Why is this approach working?
According to trained anthropologist and one of the most famous marketing thought leaders, Simon Sinek, this has to do with biology, not psychology. Sinek explains that we should separate our marketing messages between what the neocortex brain computes and what the limbic brain processes. He argues that the neocortex is responsible for language, rational and analytical thinking. The limbic brain is responsible for feelings such as trust and loyalty. When we base our marketing message in terms of what the product delivers (i.e. features, benefits, facts, and figures), we are connecting with the neocortex brain and not the limbic brain which is responsible for behavior and decision-making. What Apple, Nike and other successful companies do is communicate "why" they do what they do. They stand for what they believe in, and people who share those beliefs are naturally drawn, buyers later use facts and figures to justify their decision.
These shared beliefs create a feeling of belonging which ultimately creates oxytocin. Oxytocin is regarded as a "Collaboration chemical, the primeval force in our brains that compels us to join forces, that confirms we are naturally meant to work together" (Article). Oxytocin on a biological level is responsible for what moves us together or pushes us apart, "it's what creates the feeling of friendship, love or deep trust” (Article).
So wait -- Did we suddenly get soft and fluffy? Are we going to tell our CMO to hug it out in our next marketing meeting? The answer is no, or at least not until we can link these strategies to actual profits, cash or what we call south of the border "dinero."

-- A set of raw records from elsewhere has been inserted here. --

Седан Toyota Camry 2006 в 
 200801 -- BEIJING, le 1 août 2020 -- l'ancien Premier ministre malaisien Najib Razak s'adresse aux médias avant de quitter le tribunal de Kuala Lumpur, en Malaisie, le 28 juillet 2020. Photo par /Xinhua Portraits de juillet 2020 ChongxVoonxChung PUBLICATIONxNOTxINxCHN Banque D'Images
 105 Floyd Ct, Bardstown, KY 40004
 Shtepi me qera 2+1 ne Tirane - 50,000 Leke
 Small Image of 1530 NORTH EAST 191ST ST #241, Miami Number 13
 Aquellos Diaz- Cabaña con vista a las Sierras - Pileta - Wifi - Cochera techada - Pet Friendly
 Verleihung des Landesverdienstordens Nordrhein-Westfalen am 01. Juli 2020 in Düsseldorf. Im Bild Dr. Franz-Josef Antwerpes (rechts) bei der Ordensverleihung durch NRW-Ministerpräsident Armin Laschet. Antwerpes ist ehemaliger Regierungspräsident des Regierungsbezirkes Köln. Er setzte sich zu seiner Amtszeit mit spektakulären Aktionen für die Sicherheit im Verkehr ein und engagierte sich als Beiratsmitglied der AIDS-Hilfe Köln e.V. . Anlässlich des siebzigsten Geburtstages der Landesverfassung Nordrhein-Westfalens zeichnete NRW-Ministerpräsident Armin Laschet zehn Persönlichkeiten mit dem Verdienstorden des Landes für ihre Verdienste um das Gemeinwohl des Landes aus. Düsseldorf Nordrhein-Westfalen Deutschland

There is a study that links this oxytocin theory with profits for companies who followed these strategies. Jim Stengel, former Global CMO of Procter & Gamble, renown marketing strategist and consultant, conducted one of the most extensive and insightful marketing studies. He studied over 50,000 companies during a period of 10 years (2001-2011) and came up with an index which he named "The Stengel 50". An investment in this index composed of 50 companies would have been 400% more profitable than if you had invested in the S&P 500 those same years. (Source) This is what I mean when I say "dinero." Wait, what? So what were his criteria? In a nutshell, he bet on brands that served a "higher purpose". Stegel "uncovered that the most successful brands were built on an ideal of improving lives in some way, irrespective of size and category" (Source). In his study, he discovered that businesses who centered their strategy on ideals, had growth rates that tripled those of their competitors in that same category. Stengel and his team found "that ideals are both a source of inspiration externally among customers, as well as a compass for internal decision making. So whether it’s Red Bull which seeks to Uplift Mind and Body or Pampers which is all about Caring for Happy Healthy Development of Babies, an ideal influences all facets of the business from HR and Marketing to R&D and Finance. (Source).” In other words, your values are ultimately the primary drivers of what you focus on, your actions and how you communicate. Your marketing message, style and swag should be an expression of what your company is and what it stands for.